I have never really thought about the difference between emotions and feelings before the TOK lesson on Friday. True, we can feel emotions, but we cannot emote feelings. We can look at that last statement as a simple kind of play on words. I once heard a joke that went like this: What is the difference between pea soup and chopped beef? Answer: ‘Everyone can chop beef but no one can pea soup.’ Okay sorry, I got carried away.
So what is the difference between emotions and feelings? Humans are emotive beings, and thus we talk about our feelings. So are the two interchangeable and the same? I think that feelings and emotions are very closely linked, and are almost the same thing. They differ in terms of their stimuli.

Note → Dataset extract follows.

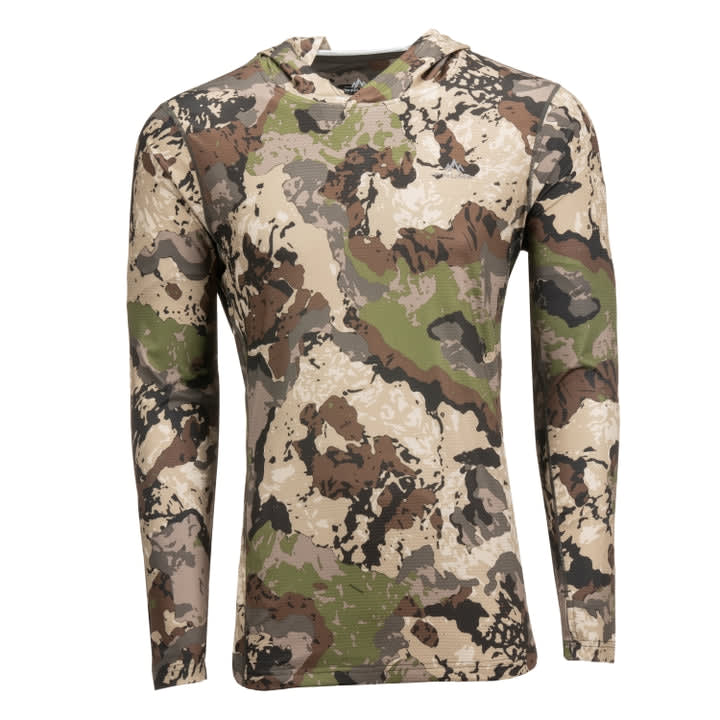 Pnuma Outdoors Renegade Hoodie, Caza Camo XL RG-HD-CZ-XL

Feeling usually refers to something experienced as a result of external stimuli reacting with one of our five senses or someone’s sensibilities, attitude, or emotional perception.
Emotion, technically is a state of consciousness in which various internal sensations are experienced. Emotion can be produced by a thought, memory, or external motivator and can often change our physical state.
Looking at this, we could say that the biggest difference between feelings and emotions is that feelings have to be triggered by an external motivating factor whereas emotions can probably be completely internalized. This is a little difficult to grasp as we end up feeling our emotions, so emotions are a kind of ‘external stimuli’ acting on our sense perception.
Feelings and emotions are also different in terms of how long they affect a person. Feeling’s usually experienced for short periods of time only, and fade quickly. Touching something hot creates a feeling of heat, which soon passes. Someone jumping out at you would probably only startle you for a few seconds. Emotions on the other hand, of joy or sorrow, last longer. Emotions are internal and would require a change in mindset to alter.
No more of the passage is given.